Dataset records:
========
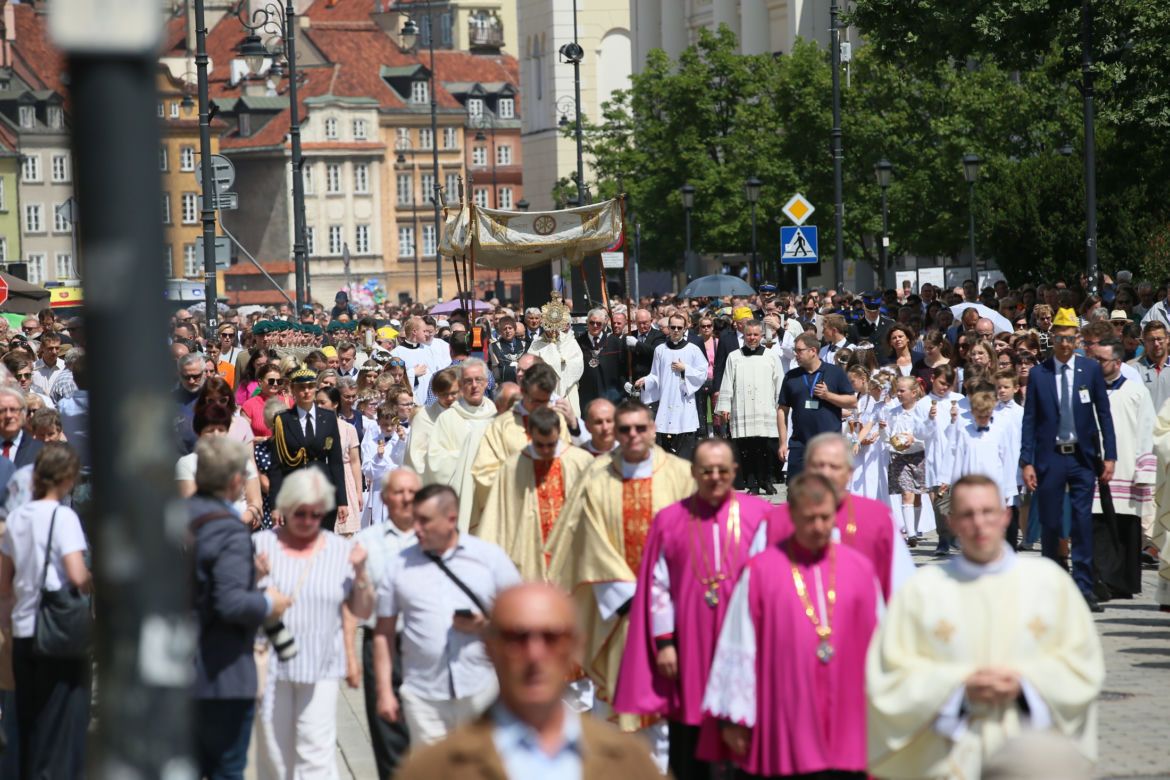 Centralna procesja Bożego Ciała w Warszawie. Ołtarze nawiązywały do wojny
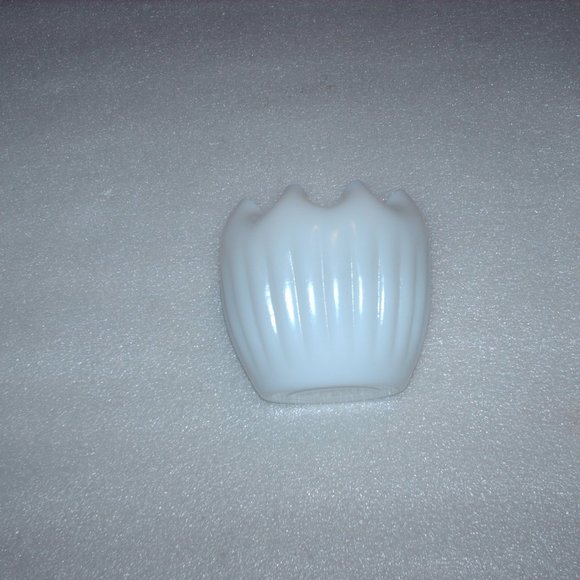 Vintage milk glass vase with fluted rim - Picture 8 of 9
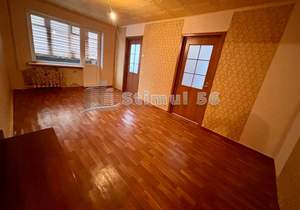 3-к квартира, вторичка, 47м2, 3/5 этаж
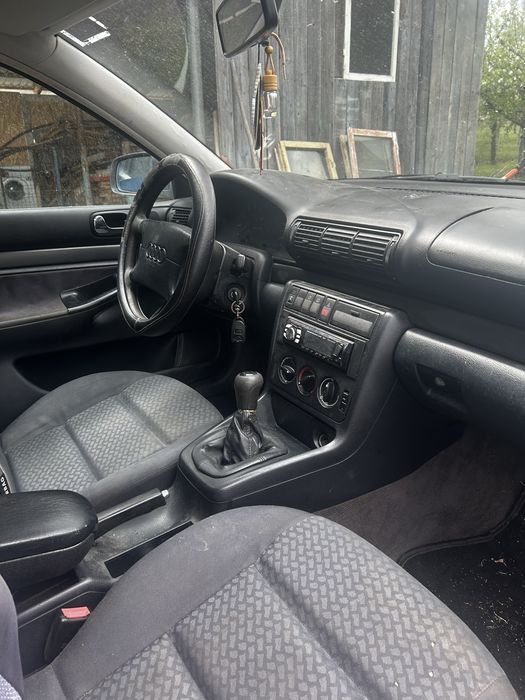 Vand audi A4 1.6 benzina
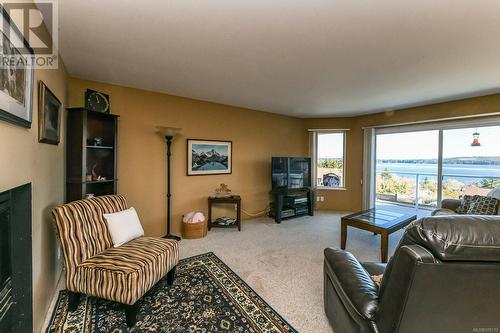 View to the water - 5594 7Th St, Union Bay, BC - Indoor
========
*WORK REQUIRED:* Give an exact copy of the data, and omit any pictures it holds.

*SOLUTION TO THIS PROBLEM:*
 Centralna procesja Bożego Ciała w Warszawie. Ołtarze nawiązywały do wojny
 Vintage milk glass vase with fluted rim - Picture 8 of 9
 3-к квартира, вторичка, 47м2, 3/5 этаж
 Vand audi A4 1.6 benzina
 View to the water - 5594 7Th St, Union Bay, BC - Indoor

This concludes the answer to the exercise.